Stating the obvious, public trust requires transparency. I'll agree with comments above, the editorial leaves too much room for half measures. But this is a step in the right direction, and acknowledges flaws elsewhere in city process. Thank you editor, for paying this attention to our community's standards.

My hope is this investigator publicly confirms that every part of our city government handled this matter with excellent ethic and expediency.

0

Steve Lewis 2 months ago on Community members: In support of URA, TIF

In the same year a formal development application came for Phase I of the above. The approval expired 3 years later.

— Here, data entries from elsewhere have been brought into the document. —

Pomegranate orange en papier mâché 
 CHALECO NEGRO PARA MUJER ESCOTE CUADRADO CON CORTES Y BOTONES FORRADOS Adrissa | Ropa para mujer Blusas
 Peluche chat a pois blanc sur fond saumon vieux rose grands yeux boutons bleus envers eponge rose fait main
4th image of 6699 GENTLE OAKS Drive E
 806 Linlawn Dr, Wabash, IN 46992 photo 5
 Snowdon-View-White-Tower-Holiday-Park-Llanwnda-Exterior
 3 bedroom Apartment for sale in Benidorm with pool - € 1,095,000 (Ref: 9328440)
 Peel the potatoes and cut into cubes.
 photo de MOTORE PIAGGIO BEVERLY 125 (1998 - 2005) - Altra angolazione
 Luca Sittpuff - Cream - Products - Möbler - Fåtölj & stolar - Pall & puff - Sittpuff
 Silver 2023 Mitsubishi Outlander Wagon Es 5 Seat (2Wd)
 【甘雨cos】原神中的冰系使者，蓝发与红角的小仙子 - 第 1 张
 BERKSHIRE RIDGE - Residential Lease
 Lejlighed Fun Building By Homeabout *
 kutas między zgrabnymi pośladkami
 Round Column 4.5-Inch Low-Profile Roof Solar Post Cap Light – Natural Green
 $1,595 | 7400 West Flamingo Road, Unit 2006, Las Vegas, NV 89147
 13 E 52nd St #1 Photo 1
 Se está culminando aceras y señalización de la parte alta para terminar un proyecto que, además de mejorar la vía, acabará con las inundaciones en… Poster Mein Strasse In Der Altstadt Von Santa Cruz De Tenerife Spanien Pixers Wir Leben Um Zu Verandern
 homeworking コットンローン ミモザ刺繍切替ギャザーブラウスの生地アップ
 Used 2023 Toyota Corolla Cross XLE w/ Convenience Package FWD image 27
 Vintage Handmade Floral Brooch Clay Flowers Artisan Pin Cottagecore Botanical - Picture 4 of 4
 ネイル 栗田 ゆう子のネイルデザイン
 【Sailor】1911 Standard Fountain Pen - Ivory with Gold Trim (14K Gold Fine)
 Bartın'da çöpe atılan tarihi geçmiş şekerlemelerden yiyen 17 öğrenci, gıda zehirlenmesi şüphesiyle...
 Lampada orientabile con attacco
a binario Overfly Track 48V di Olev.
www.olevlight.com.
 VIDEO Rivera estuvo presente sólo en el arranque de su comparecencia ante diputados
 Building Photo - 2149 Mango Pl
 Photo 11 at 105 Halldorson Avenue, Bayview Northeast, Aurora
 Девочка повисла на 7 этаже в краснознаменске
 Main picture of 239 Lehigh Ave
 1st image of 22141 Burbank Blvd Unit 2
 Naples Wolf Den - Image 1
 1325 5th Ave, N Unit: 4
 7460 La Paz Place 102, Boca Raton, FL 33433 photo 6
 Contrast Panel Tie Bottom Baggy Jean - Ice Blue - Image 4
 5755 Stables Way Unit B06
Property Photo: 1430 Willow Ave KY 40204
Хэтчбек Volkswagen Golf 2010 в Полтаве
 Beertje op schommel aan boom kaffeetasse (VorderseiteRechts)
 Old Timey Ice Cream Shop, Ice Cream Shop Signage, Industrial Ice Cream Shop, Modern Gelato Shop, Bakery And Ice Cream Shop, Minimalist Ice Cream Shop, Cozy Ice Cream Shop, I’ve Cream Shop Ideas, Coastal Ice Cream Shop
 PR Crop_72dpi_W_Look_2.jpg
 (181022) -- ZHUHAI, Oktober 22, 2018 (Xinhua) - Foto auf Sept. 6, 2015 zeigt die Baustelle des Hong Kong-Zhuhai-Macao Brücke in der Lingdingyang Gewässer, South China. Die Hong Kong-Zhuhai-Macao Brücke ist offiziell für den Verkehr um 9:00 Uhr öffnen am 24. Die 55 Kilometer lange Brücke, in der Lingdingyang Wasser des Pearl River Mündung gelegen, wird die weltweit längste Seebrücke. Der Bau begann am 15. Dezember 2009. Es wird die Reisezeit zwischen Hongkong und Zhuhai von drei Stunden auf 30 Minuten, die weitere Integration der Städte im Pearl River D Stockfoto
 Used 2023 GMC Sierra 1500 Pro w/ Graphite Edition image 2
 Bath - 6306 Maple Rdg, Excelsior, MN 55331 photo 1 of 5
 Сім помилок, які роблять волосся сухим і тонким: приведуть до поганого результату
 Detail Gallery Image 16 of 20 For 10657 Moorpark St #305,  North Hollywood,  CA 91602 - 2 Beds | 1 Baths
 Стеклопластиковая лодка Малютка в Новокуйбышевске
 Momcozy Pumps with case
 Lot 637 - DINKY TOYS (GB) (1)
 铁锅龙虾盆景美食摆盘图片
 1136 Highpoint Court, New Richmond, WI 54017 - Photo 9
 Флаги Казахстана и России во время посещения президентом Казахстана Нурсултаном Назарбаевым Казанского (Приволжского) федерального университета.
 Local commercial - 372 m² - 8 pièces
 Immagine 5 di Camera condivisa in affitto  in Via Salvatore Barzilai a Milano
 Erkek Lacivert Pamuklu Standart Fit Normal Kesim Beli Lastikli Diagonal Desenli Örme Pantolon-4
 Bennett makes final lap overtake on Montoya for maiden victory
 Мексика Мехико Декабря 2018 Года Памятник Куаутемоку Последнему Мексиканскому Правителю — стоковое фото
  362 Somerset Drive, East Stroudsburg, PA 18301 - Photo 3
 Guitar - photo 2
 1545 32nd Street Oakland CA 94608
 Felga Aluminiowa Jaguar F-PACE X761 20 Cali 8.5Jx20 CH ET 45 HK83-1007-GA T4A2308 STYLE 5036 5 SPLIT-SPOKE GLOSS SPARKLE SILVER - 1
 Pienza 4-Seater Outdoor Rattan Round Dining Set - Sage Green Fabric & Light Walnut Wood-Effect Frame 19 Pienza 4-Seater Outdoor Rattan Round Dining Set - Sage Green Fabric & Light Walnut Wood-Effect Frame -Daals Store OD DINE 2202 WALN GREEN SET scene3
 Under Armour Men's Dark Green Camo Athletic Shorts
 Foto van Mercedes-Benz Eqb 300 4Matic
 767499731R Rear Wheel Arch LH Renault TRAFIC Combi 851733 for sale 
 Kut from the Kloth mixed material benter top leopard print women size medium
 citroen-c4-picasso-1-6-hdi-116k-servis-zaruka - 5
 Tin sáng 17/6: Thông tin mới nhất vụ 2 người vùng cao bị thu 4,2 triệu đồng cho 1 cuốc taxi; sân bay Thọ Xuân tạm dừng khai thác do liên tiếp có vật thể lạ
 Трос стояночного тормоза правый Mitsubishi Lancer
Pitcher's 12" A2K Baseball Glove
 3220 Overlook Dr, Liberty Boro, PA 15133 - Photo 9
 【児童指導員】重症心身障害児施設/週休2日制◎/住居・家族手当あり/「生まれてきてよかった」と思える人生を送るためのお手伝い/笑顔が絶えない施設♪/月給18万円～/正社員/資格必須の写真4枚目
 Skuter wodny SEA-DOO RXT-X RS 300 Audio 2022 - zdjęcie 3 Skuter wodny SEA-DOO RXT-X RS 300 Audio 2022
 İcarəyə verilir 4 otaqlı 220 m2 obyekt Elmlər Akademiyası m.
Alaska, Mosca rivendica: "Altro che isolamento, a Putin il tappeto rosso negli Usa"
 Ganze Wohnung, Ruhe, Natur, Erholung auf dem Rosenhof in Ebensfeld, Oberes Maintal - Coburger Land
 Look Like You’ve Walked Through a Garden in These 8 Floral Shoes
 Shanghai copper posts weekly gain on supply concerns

http://www.steamboattoday.com/news/2006/nov/19/riverwalks_first_phase_approaching_final_ok/

What did not expire was City vacating 3rd Street and Yampa Street R.O.W.s on the RiverWalk parcel and selling that acreage to RiverWalk. This should be reflected on the consultant's report but it is not. Their URA district map still shows those city streets within RiverWalk.

0

Steve Lewis 2 months ago on Community members: In support of URA, TIF

The 2006 document I refer to was a "pre-application", common for large projects seeking early city feedback. There was no formal approval.

http://www.steamboattoday.com/news/2006/jan/12/riverwalk_plan_progresses/

0

Steve Lewis 2 months ago on Community members: In support of URA, TIF

Perhaps someone can explain why the URA impact report expects the downtown district's new and re-development additions to bring 40,000 sq ft commercial and 50 residential units. But RiverWalk alone submitted documents in 2006 planning to build 35,000 sq ft. commercial and 75 residential units.

Isn't this consultant significantly underestimating the TIF revenue?

0

Steve Lewis 2 months, 1 week ago on City council members raise concern about Triple Crown meetings

From the only president to have won a Pulitzer Prize:

“The very word “secrecy" is repugnant in a free and open society; and we are as a people inherently and historically opposed to secret societies, to secret oaths and secret proceedings..."

“…that is why our press was protected by the First Amendment— the only business in America specifically protected by the Constitution — not primarily to amuse and entertain, not to emphasize the trivial and sentimental, not to simply "give the public what it wants"

—but to inform, to arouse, to reflect, to state our dangers and our opportunities, to indicate our crises and our choices, to lead, mold educate and sometimes even anger public opinion.”